Derde herziene editie, geladen 2 juni, 2022.

 

 

 

 

 

Voorgaande Aadhar-editie en Vedabase links:

Tekst 1

De Allerhoogste Heer zei: 'Als men in de derde levensfase zich in het woud wil terugtrekken, moet men, om daar in vrede te verkeren, de echtgenote aan zijn zoons toevertrouwen of anders samen met haar in het bos verblijven.
De Allerhoogste Heer zei: 'Als men in de derde levensfase zich in het woud wil terugtrekken moet men tewerk gaan in vrede. Ter wille van die vrede moet men de echtgenote met zich meenemen of anders haar aan de zoons toevertrouwen. (Vedabase)

 

Tekst 2

Men moet zorgen voor een zuiver [*] levensonderhoud op basis van de knollen, wortels en vruchten van het woud, en zich kleden in boombast, gras, bladeren of dierenhuiden.            

Men moet zorgen voor een zuiver [*] levensonderhoud op basis van de knollen, wortels en vruchten van het woud, en zich kleden in boombast, gras, bladeren of dierenvellen. (Vedabase)

   

Tekst 3

[In het bos] behoort men zijn hoofdhaar en lichaamshaar, aangezichtshaar en nagels te laten [groeien], alsook het lichaamsvuil, de tanden niet [uitgebreid] te reinigen, [maar] zich drie maal daags te baden en ['s nachts] op de grond te slapen.

Met het haar op het hoofd en het lichaam, het aangezichtshaar, de nagels en het lichaam zelf vuil en de tanden niet gereinigd [op andere tijden], behoort men drie maal daags zich te baden en ['s nachts] op de grond te slapen. (Vedabase)


Tekst 4

Aldus tewerkgaand moet men boete doen door in de zomer ascetisch de vijf vuren te tolereren [de offervuren in de vier windrichtingen en de zon daarboven], de stortregens tijdens het regenseizoen, en de winterkou als men tot zijn nek toe in het water staat [zie ook 4.23: 6].

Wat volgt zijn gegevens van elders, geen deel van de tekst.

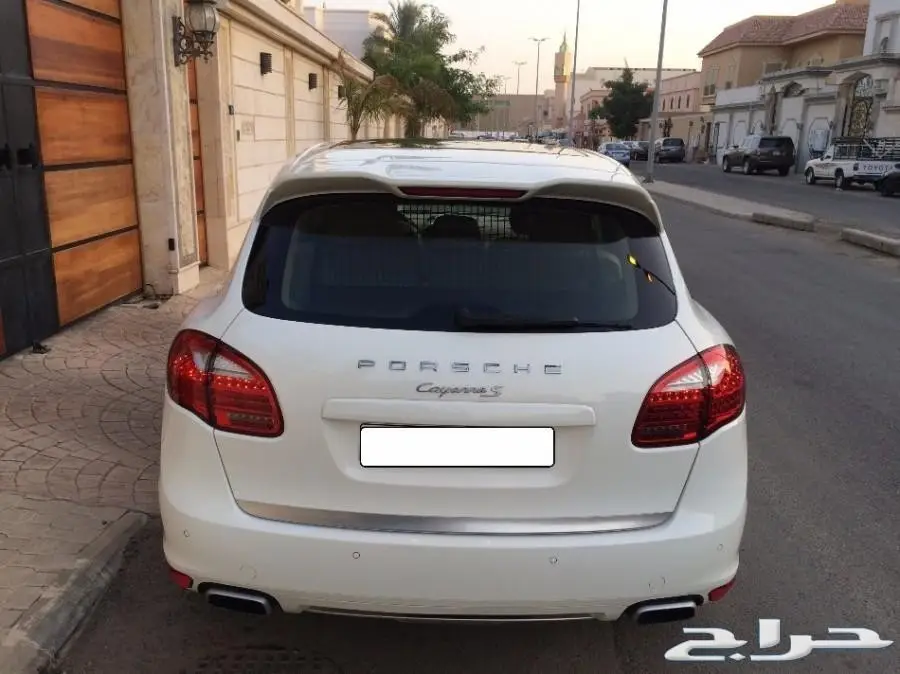 بورش كايين اس 2011 فل كااامل ابيض (image 6)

Ascetisch de vijf vuren gedurende de zomer [de offervuren in vier richtingen en de zon daarboven], de stortregens tijdens het regenseizoen en de kou van het in de winter je tot aan je nek onderdompelen in water verdragend, behoort men, bezig zijnd zoals hiervoor vermeld, de boetedoening uit te voeren [zie ook 4.23: 6]. (Vedabase)


Tekst 5

Men eet wat ofwel werd bereid op een vuur, wat rijpte mettertijd of wat verpulverd werd met een vijzel, met een steen of vermalen werd met de tanden.

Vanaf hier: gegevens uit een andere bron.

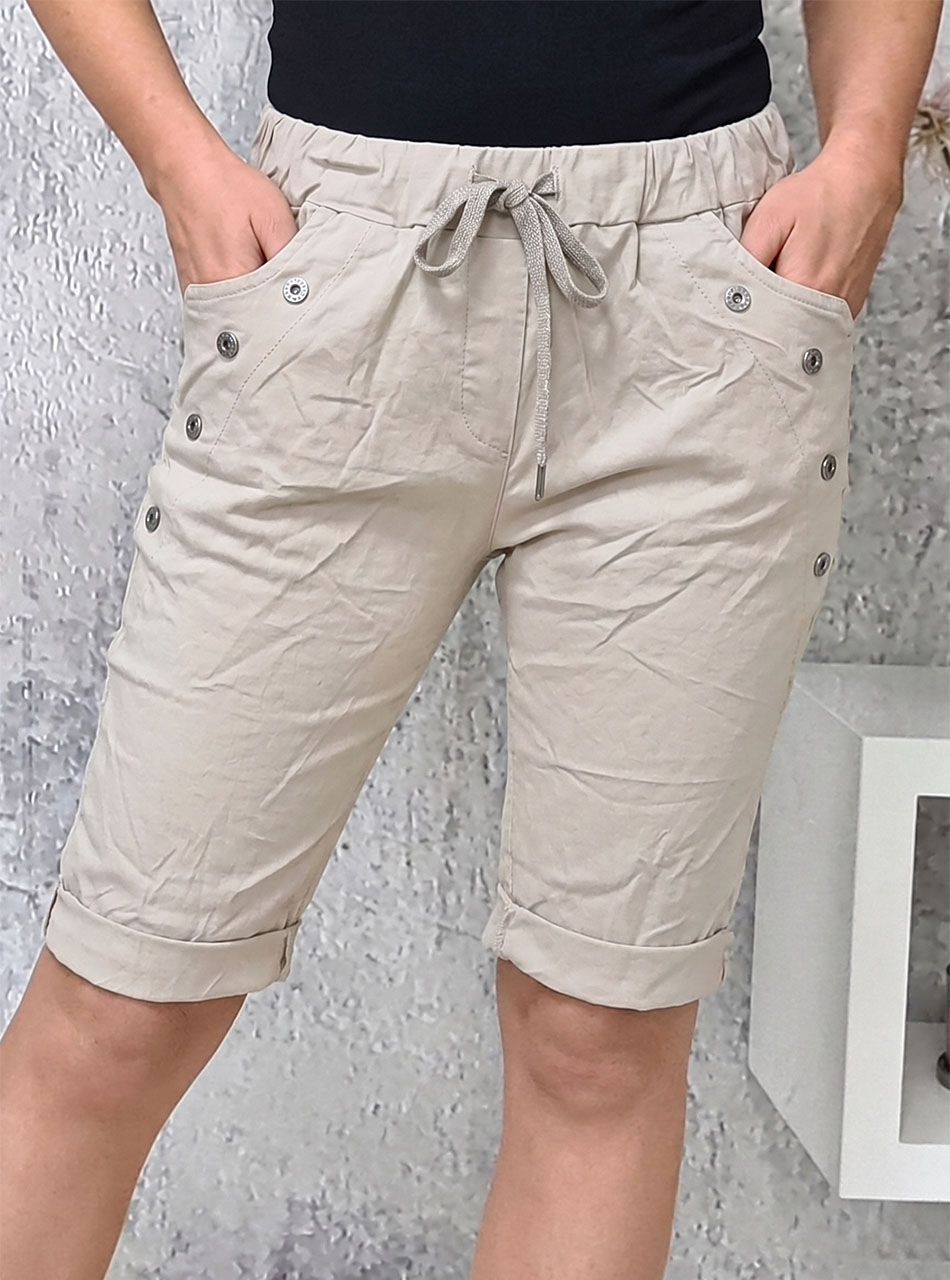 Gombdíszes, zsebes térdnadrág (bézs)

Op de juiste tijd etend behoort men ofwel dat te eten wat bereid is op een vuur of dat wat vermalen is met een vijzel, verpulverd is met een steen of vermalen is met de tanden. (Vedabase)

 

Tekst 6

Men moet persoonlijk alles bijeenbrengen wat voor het levensonderhoud nodig is naar gelang de plaats, de tijd en de energie die men heeft, en goed begrijpen dat [levend in het bos] men niets moet opslaan voor een later tijdstip [zie ook 7.12: 19].

Met een praktische instelling naar gelang de plaats, de tijd en waar hij toe in staat is, moet hij persoonlijk dat verzamelen wat nodig is voor zijn levensonderhoud, en niets te bewaren voor een later moment [zie ook 7.12: 19]. (Vedabase)


Tekst 7

Een vānaprastha kan kiezen voor offerandes [van rijst, gerst en dāl], kan rijstkoeken offeren of vruchten naar gelang het seizoen, maar hij mag Mij nimmer aanbidden met het offeren van dieren [ook al staat dat] vermeld in de geschriften.

Een vānaprastha mag Me aanbidden met offerandes [van rijst, gerst en dāl], mag rijstkoeken offeren of vruchten naar gelang het seizoen, maar nimmer, ook al is het schriftuurlijk, van aanbidding zijn met het opofferen van dieren. (Vedabase)

 

 Tekst 8

Zoals hij dat voorheen deed [toen hij een grihastha was] behoort hij de vuurplechtigheid, de plechtigheid op de dag van een nieuwe maan en van een  volle maan, alsook de viermaandelijkse offerplechtigheid [van cāturmāsya] uit te voeren die door de Vedische experts worden voorgeschreven.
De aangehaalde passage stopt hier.